References to the grouping columns or expressions are replaced by null values in result rows for grouping sets in which those columns don’t appear.
For streaming queries, the required state for computing the query result might grow indefinitely. State size depends on the number of group sets and type of aggregation functions.
ROLLUP¶
ROLLUP
is a shorthand notation for specifying a common type of grouping
set. It represents the given list of expressions and all prefixes of the list,
including the empty list.
For example, the following query is equivalent to the previous GROUP BY GROUPING SETS query.
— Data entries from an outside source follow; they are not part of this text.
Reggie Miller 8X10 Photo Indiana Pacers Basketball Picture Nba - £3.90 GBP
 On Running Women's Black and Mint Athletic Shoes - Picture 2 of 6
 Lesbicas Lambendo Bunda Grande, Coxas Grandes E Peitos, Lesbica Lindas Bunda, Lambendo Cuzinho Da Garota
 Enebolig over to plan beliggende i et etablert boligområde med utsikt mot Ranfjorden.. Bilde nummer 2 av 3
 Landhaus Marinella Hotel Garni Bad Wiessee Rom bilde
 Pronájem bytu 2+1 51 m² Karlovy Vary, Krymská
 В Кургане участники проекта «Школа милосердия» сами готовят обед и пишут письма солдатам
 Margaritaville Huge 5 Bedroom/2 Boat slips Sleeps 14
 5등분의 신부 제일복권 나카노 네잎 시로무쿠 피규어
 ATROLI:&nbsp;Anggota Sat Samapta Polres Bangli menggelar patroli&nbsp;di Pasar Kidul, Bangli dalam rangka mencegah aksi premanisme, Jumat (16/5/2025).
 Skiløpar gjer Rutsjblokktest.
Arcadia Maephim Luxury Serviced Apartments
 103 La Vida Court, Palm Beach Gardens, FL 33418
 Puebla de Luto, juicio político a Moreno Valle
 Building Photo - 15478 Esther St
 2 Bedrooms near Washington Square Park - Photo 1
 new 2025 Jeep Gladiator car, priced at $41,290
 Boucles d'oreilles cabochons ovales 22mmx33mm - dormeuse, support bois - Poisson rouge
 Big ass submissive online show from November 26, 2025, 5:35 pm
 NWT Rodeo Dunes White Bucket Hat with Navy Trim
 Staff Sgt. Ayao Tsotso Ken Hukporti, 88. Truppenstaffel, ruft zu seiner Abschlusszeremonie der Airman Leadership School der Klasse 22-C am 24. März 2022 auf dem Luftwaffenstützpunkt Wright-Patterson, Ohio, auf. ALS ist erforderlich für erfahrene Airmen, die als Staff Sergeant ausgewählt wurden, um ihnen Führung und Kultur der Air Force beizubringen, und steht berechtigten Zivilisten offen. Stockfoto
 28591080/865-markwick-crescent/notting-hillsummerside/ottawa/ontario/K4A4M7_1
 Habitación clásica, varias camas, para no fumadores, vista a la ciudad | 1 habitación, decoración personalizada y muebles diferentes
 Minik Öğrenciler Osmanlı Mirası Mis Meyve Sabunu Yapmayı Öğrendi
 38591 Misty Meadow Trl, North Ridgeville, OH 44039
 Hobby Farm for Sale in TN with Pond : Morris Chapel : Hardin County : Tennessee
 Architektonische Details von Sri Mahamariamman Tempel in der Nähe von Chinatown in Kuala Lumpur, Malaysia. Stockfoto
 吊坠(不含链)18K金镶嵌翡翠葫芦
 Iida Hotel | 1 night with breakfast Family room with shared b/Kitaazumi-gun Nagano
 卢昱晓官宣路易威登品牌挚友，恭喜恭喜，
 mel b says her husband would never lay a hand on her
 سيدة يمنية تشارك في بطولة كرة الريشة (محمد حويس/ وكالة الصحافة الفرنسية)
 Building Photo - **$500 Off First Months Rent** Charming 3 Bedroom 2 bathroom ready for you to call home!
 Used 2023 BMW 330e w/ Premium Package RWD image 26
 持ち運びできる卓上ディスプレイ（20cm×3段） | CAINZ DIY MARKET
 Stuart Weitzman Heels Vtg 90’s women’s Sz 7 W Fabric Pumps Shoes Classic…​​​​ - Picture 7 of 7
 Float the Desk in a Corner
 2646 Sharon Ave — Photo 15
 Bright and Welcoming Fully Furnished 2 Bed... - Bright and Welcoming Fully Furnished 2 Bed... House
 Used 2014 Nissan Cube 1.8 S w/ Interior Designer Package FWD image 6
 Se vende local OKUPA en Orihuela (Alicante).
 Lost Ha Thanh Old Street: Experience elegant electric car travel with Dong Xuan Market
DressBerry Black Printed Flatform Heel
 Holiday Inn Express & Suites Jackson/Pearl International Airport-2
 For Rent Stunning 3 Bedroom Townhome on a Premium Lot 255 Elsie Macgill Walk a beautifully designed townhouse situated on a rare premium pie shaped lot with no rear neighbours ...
SELECT supplier_id, rating, COUNT(*)
FROM (VALUES
('supplier1', 'product1', 4),
('supplier1', 'product2', 3),
('supplier2', 'product3', 3),
('supplier2', 'product4', 4))
AS Products(supplier_id, product_id, rating)
GROUP BY ROLLUP (supplier_id, rating)
CUBE¶
CUBE
is a shorthand notation for specifying a common type of grouping
set. It represents the given list and all of its possible subsets, which is
also known as the power set.
For example, the following two queries are equivalent.
SELECT supplier_id, rating, product_id, COUNT(*)
FROM (VALUES
('supplier1', 'product1', 4),
('supplier1', 'product2', 3),
('supplier2', 'product3', 3),
('supplier2', 'product4', 4))
AS Products(supplier_id, product_id, rating)
GROUP BY CUBE (supplier_id, rating, product_id)
SELECT supplier_id, rating, product_id, COUNT(*)
FROM (VALUES
('supplier1', 'product1', 4),
('supplier1', 'product2', 3),
('supplier2', 'product3', 3),
('supplier2', 'product4', 4))
AS Products(supplier_id, product_id, rating)
GROUP BY GROUPING SET (
( supplier_id, product_id, rating ),
( supplier_id, product_id ),
( supplier_id, rating ),
( supplier_id ),
( product_id, rating ),
( product_id ),
( rating ),
( )
)
HAVING¶
The HAVING
clause eliminates group rows that don’t satisfy the specified
condition.
HAVING
is distinct from the WHERE
clause, because WHERE
filters
individual rows before the GROUP BY
, while HAVING
filters group rows
created by GROUP BY
. Each column referenced in the condition must
unambiguously reference a grouping column, unless it appears within an aggregate
function.
SELECT SUM(amount)
FROM orders
GROUP BY users
HAVING SUM(amount) > 50
The presence of a HAVING
clause turns a query into a grouped query, even if
there is no GROUP BY
clause. It’s the same as what happens when the query
contains aggregate functions but no GROUP BY
clause. The query
considers all selected rows to form a single group, and the SELECT
list and HAVING
clause can reference only table columns from within
aggregate functions. Such a query emits a single row if the HAVING
condition is true, and zero rows if it’s not true.